Pomyliliśmy się!

2013/12/18

Dzieciątko wcale nie urodziło się 2013 lat temu! Jak było naprawdę?

 

Od w. VI przyjmowano w chrześcijaństwie, że Jezus urodził się w 754 r. rachuby rzymskiej. Chrześcijanie nazwali ten rok pierwszym „rokiem Pańskim”. Z czasem przyjęto ten rok za początek rachuby lat, licząc od niego lata „po Chrystusie”. Ta rachuba lat dominuje w świecie, choć często pod nazwą lat „naszej ery”. Z kolei datę 25 grudnia przyjęto w IV w. ze względów symbolicznych. Data ta wyraża myśl, że Jezus, rodząc się w najdłuższą noc w roku, przezwycięża ciemności zła.

Gdyby jednak zajrzeć do encyklopedii czy do tablic chronologicznych w wydaniach Pisma Świętego, zobaczylibyśmy tam nieco inną datę narodzin, lata 7-6 „przed naszą erą” lub podobne. Okazuje się, że rok narodzin Jezusa został w starożytności ustalony niedokładnie. Nie jest to może takie ważne, gdyż znaczenie narodzin Chrystusa nie zależy przecież od poznania jego daty, choć oczywiście jesteśmy nią zainteresowani.

Ewangelie nie zawierają danych, które by pozwoliły na jej ścisłe obliczenie. Podają jednak kilka wskazówek, które pozwalają ją w przybliżeniu ustalić. Po pierwsze, Ewangelie stwierdzają, że Jezus urodził się za panowania Heroda, który był z woli Rzymian królem Judei. Zmarł on na przełomie marca i kwietnia 4 r. p.n.e., po długiej i ciężkiej chorobie. Historyk żydowski Józef Flawiusz podał bowiem, że jego śmierć nastąpiła niedługo po zaćmieniu księżyca, które astronomowie datują na 12/13 marca r. 4. Herod zmarł w Jerycho, gdzie spędził ostatnie miesiące życia. Oznacza to, że wizyta magów ze Wschodu w Jerozolimie mogła mieć miejsce najpóźniej w r. 5.

Wydarzenia między narodzinami Jezusa a śmiercią Heroda musiały jednak zająć sporo czasu. Jeśli Herod kazał wymordować w Betlejem chłopców do lat dwóch, musiał wiedzieć, że Jezus urodził się około roku wcześniej. Magowie nie musieli przybyć zaraz po narodzinach. Następnie Jezus przebywał przez pewien czas w Egipcie. Wskazuje to na narodziny najpóźniej w r. 6.
Do podobnych wniosków prowadzi wzmianka Ewangelii św. Łukasza o wieku Jezusa, który miał na początku działalności „około lat trzydziestu” (Łk 3, 23). Zapewne miał więcej, gdyż wzmianka ta w świetle ówczesnych zwyczajów oznaczała, że Jezus wszedł już w wiek dojrzały. Ten początek działalności przypadł przypuszczalnie na r. 28. Żeby mieć wtedy po trzydziestce, Jezus musiał się urodzić do r. 4 p.n.e. (przy obliczeniach trzeba pamiętać, że nie było „roku 0”).
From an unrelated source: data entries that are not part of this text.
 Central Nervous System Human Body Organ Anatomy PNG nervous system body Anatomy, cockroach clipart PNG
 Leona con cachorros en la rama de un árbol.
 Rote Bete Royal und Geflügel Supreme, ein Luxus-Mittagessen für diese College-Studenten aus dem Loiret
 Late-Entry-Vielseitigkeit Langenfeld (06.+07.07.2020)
Po drugie, Jezus urodził się podczas spisu ludności (Łk 2, 1-2). Wiemy, że jeden z takich spisów zarządził w państwie rzymskim cesarz August w r. 8 (dwa inne były kilkanaście lat wcześniej oraz później). Wiemy o tym z wykutych w kamieniu tekstów sprawozdania samego Augusta, w którym cesarz opisał swoje ważne dokonania. Taki spis mógł trwać pewien czas, datą narodzin mógł więc być r. 8 i następne.
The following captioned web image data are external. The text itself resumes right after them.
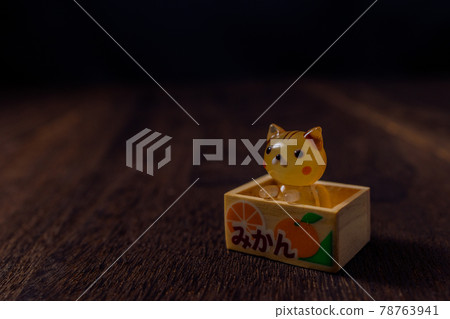 被遺棄的貓 被遺棄的貓 78763941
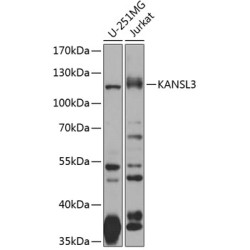 KANSL3 Rabbit pAb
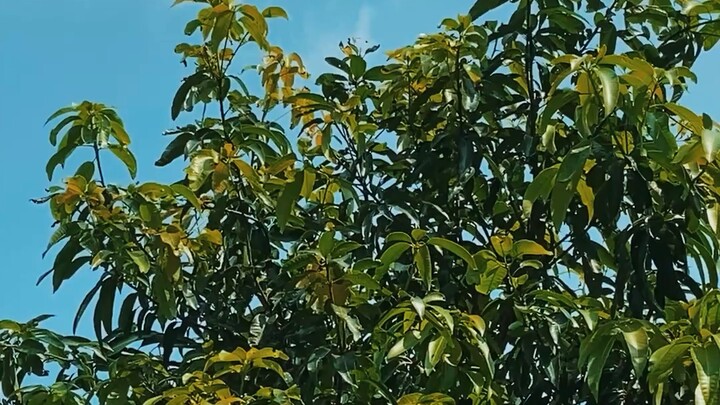 নীল আকাশের । ভিডিও-০২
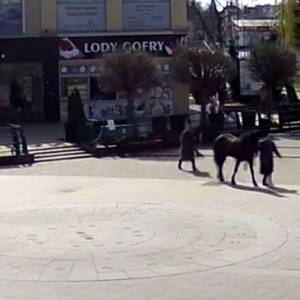 Malbork. Koń uciekł ekipie filmowej i niszczył auta [WIDEO]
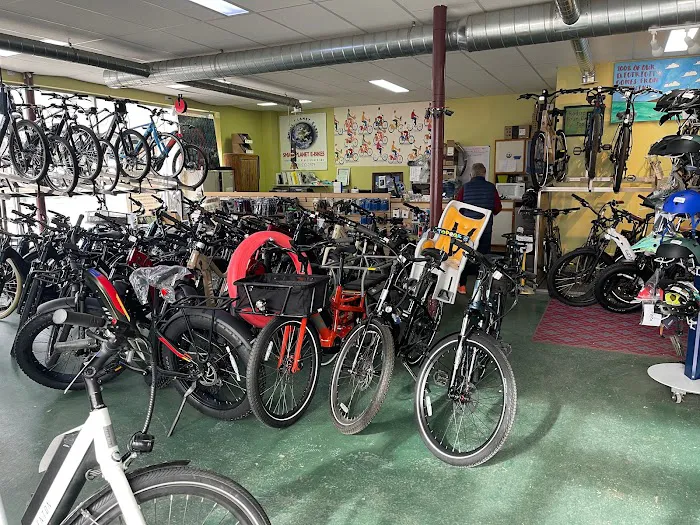 Spice eBikes 7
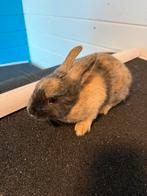 Dwergkonijntje, Dieren en Toebehoren, Konijnen, Mannelijk, Dwerg, 0 tot 2 jaar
Wiąże się z tym jednak pewna trudność. Mówiąc o spisie, Ewangelia św. Łukasza wspomina gubernatora Kwiryniusza. Ten jednak przeprowadził inny spis w Judei, 14 lat później, długo po Herodzie. Wzmiankę Ewangelii da się jednak tłumaczyć jako informację o spisie późniejszym niż ten z r. 8, przytoczoną dla ilustracji – spis Kwiryniusza był bowiem bardziej znany. Co więcej, wczesny pisarz chrześcijański Tertulian podał, że spis ten przeprowadzał inny gubernator, Sentius Saturninus, o tym zaś wiemy, że urzędował w Syrii w latach 9-6 p.n.e.
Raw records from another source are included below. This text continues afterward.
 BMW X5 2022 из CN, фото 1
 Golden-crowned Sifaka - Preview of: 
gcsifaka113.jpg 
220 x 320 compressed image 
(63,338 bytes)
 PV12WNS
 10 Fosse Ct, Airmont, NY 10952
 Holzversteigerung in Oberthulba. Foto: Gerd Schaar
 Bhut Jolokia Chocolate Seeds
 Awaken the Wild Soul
Po trzecie, według Ewangelii św. Mateusza narodzinom Jezusa towarzyszyła gwiazda. Gdyby to był cud, nie mielibyśmy żadnej wskazówki co do daty. Uczeni uważają jednak zazwyczaj, że chodziło o zjawisko astronomiczne, które wschodnim magom, mędrcom, którzy byli też astronomami i astrologami, wydało się zapowiedzią pojawienia się króla żydowskiego. Przy okazji wspomnę, że Ewangelie nie uważają ich za królów. Udali się oni do Jerozolimy, by sprawdzić swoją hipotezę, a tam dowiedzieli się, że proroctwo wskazuje Betlejem jako miejsce narodzin Mesjasza.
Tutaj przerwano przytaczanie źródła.